Takva, vera ve zühd hakkında bilgi verir misiniz?

Tarih: 2.07.2018 17:58:11
Okunma: 6244

Cevap

Takva ve Vera arasında ince bazı farklılıklar vardır.  Şöyle ki:

Takva:

Takva; Korkmak, sakınmak, Allah korkusuyla günahlardan kaçınmak, Allah'ın emir ve yasaklarına uymakta titizlik göstermek manalarına gelir. Takvaya “ittika” da denilmiştir. Takva sahibi kimseye "muttaki" denilir.

Takva ve takva ile ilgili kelimeler Kur’ân’da en çok geçen kelimelerdendir. (اتقوا) “Korkun” kelimesi (69) defa, müttakiler manasında (المتقين) (المتقون) kelimeleri ise 49 defa geçer. Kur’ân’da (أن الله مع المتقين) “Muhakkak ki, Allah müttakilerle beraberdir” (إن الله يحب المتقين) “Muhakkak ki, Allah müttakileri sever” ifadeleri sıkça tekrarlanır.

Bütün bunlardan Kur’ân’ın hedeflediği insan tipinin en belirgin özelliği “Takva”dır demek mümkündür.

Alimler takvanın 3 mertebesi olduğunu söylemişlerdir: Birinci kısım takva, şirkten takvadır. Bu cahil halk tabakasının takvasıdır. İkinci kısım takva, günahlardan takvadır. Bu salih mü’minlerin takvasıdır. Üçüncü takva masivadan, yani Allahdan başka her şeyden takvadır. Bu takva da velilerin takvasıdır.

“Şüphe yok ki Allah katında en değerli olanınız, O’ndan en çok korkanınızdır. Şüphe yok ki Allah alîmdir (her şeyi bilir), habîrdir (her şeyden haberdardır)”. (Hucurat, 13)

Enes ra’den rivayet edilmiştir:

Resûlullah as’dan “senin ehli beytin, ailen kimlerdir?” diye soruldu. Peygamber as’da “Bütün Allah’dan korkan (müttaki olanlar)dır” buyurdu ve “onun (Allah’ın) dostları ancak müttakilerdir” (Enfal: 34) âyetini okudu. (İbn Merduye, Taberani, Beyhaki.)

Namazlarda Salli barik dualarında “Allah’ım Muhammed as’ın ehli beytine merhamet et, onlara bereketler ihsan eyle” diye dua edilir. Takva sahibi olan kimse ehli beyte dahil olacağı için, bütün Müslümanların dualarına hissedar olur.

"Hikmetin başı Allah korkusudur."

“Helaldan kazanmayı talep etmek farzdan sonraki farzdır.” (Beyhaki.)
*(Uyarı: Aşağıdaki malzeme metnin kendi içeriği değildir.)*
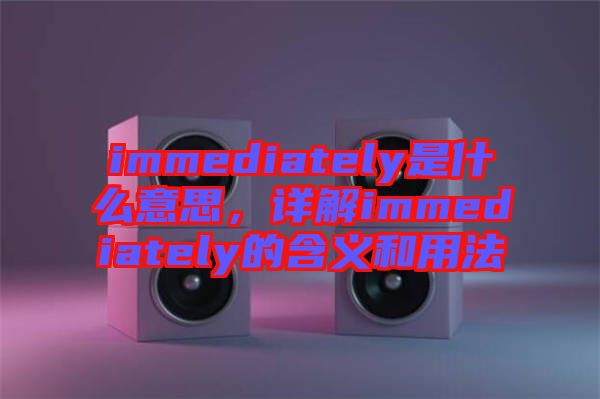 immediately是什么意思，詳解immediately的含義和用法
Ebû Hureyre (r.a) Peygamberimizin şöyle buyurduğunu rivayet etmiştir:

“İnsanlara öyle bir zaman gelecek ki, kişi aldığı malın helaldan mı, haramdan mı olduğuna aldırış etmeyecek.” (Buhârî, İbn Hibban, Darimi)

 

Vera:

Vera, helal veya haram olduğu belli olmayan, şüpheli şeylerden kaçınmaktır.

Peygamberimiz (s.a.v) bu konuda şöyle buyurmuştur:

“Muhakkak ki, helâl belli, haram da bellidir; ama aralarında bir takım şüpheli şeyler vardır ki, onları insanların çoğu bilmez. Bu şüp¬heli şeylerden kim korunursa dînini ve ırzını korumuş olur. Her kimde bu şüp¬heli şeylere düşerse harama da düşer. Yasak bölge etrafında hayvanlarını otla¬tan çobanın hayvanlarını oraya kaçırması yakın olduğu gibi. Dikkat ediniz!.. Her hükümdarın bir yasak bölgesi vardır. Dikkat ediniz!.. Allah'ın yasak bölgesi de haram kıldığı şeylerdir. Dikkat ediniz!.. Bedende bîr et parçası vardır ki, bu parça sağlıklı olursa bütün beden sağlıklı olur; bozuk olursa bütün beden bozulur. Dikkat ediniz!.. O kalptir.” (Buhârî, Müslim)

 

Zühd:

Zühd, dünyaya ve maddî menfaate değer vermemek, çıkarcı, menfaatperest ve bencil olmamak, kalpte dünya ve çıkar kaygısı taşımamak, kanaatkâr olmak demektir. "Elde olan dünyalığa sevinmemek ve elden çıkana üzülmemek, elde bulunmayan şeyin gönülde de bulunmamasıdır" şeklinde de tarif edilir. Zühd sahibi olanlara; zahid denilir.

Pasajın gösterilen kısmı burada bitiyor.